Some four months after the barrels had been filled, Foxxine #1 was released on September 17. It was the first mixed-culture beer Fox River had ever produced. Roth had made the most of the bad situation the pandemic had handed him. A beer on the verge of being flushed had been re-made into a tart, dry ale with notes of pineapple, vanilla, and oak similar to those found in barrel-aged Chardonnay.

That degree of flavor complexity is what differentiates Fox River's barrel-aged from the more commonly found and quickly produced "kettle sours" many craft brewers now offer. The latter beers tend to lean heavily on fruit juices, sugars, and other flavorings to quell the blunt acidity "quick souring" produces. Or as Roth says, "By adding anything to it to make it not sour anymore." Roth isn't opposed to using fruit in his sours, but he'd rather employ it as an accent rather than making it the main feature. For Foxxine #2, he used black currant to highlight the jammy, dark-fruit flavors produced from a separate sour culture working in tandem with the barrel aging.

"I don't foresee these super fruity, super sweet sours lasting too much longer," Roth says. "It just seems like every year or two we rediscover a beer that has already existed." He's hopeful that the barrel-aged sours he's making will get to see their time come again. In the meantime, Roth continues to build-up his barrelage. "I have eight barrels going right now,” he says. “The ninth one will be added soon and that's about as far I want to carry it for now."

"The goal is to keep bringing them out. I want to get to the point where we have a barrel-aged sour on at all times. It's going to be an ongoing project. I want to concentrate on the flavors we develop from the mixed cultures and the barrels and eventually get into blending beers from the different barrels to achieve specific flavor profiles. I love making them. As long as people keep drinking them I'll keep making them."

A Deeper Dive
The section above was written with the Oshkosh Herald's readers in mind. In those articles, I generally try to avoid going off the deep end into pure geekdom. But not here. When I interviewed Drew for this piece we went into the weeds about the mixed cultures he's using. Here are a few snippets from that conversation.  

At the moment, he's working with three separate mixed cultures. He also has a fourth culture that he's currently working up and hopes to introduce into the program in the not-too-distant future.
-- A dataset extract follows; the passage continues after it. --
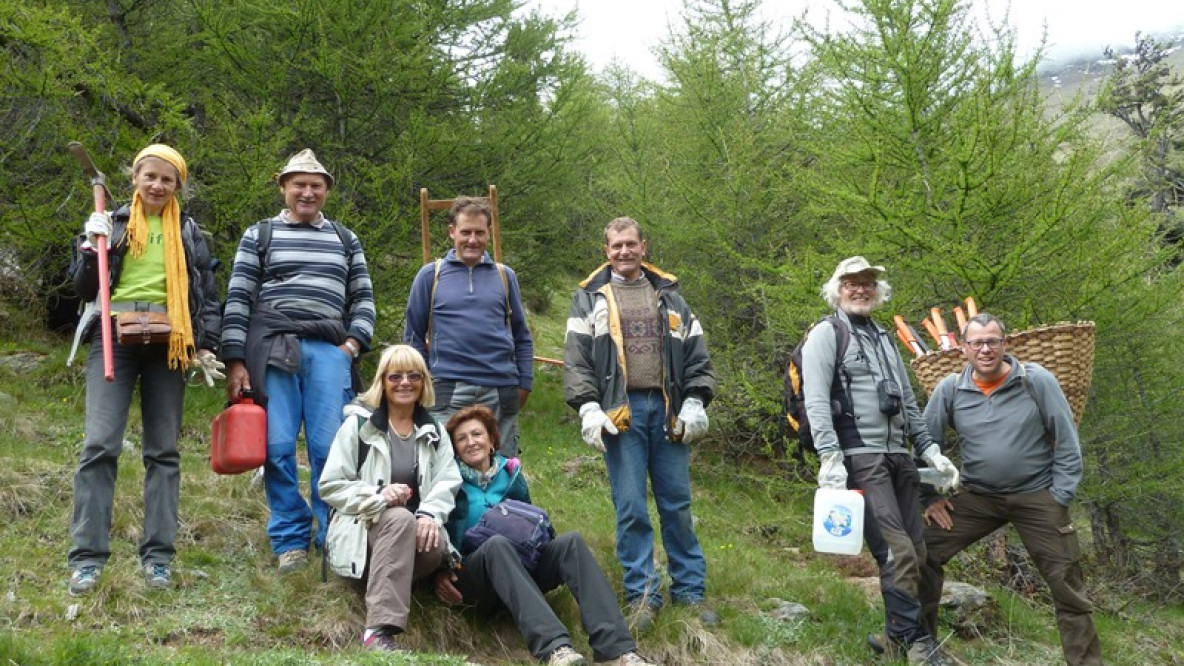 Aktiver Naturschutz auf der Alm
For Foxxine 1 he used what he's calling his American Sour Culture. This culture is a blend of lactic bacteria, pediococcus bacteria, and Brettanomyces yeast. Drew says it imparts "A citrusy, lactic tang from the lactic and pedio, with a hint of fruity funk from the Brett on the back end. The brett character in it is really subdued, a little more on the fruit than the funk." I had this beer on a couple of different occasions and each time I got a lot of pineapple out of it.

His second culture was used in Foxxine 2. He calls it his lambic culture. This one began from a small batch culture from The Yeast Bay. "It's got a ridiculous blend of different bacteria and yeast," he says. "It's one they don't do for commercial brewers. I propped it up as part of my homebrewed sour program originally." To me, this one came across as more citrusy; with some stone fruit, which lined up nicely with the black currant he used in the beer.

"The third culture is one that I refer to as our Flanders culture," Drew says. "We've got that one going now. I'll eventually transition that into brown, Oud Bruin style beers. With that one, you get more of an acetic character and then a different funk out of the brett."

Finally, there's a fourth culture that he's still developing. "I've got that one going at home," he says. "It was a wild yeast propagation from fermenting wine naturally, so the yeast and bacteria originate from red grapes. I added that into fresh-pressed apple juice this fall, so it will also have the cultures from the apple juice. For that one, I have a red wine barrel that we did a stout in. We'll see what happens."

That unpredictability is part of what makes these beers exciting. You never know exactly what you're going to get until you get it.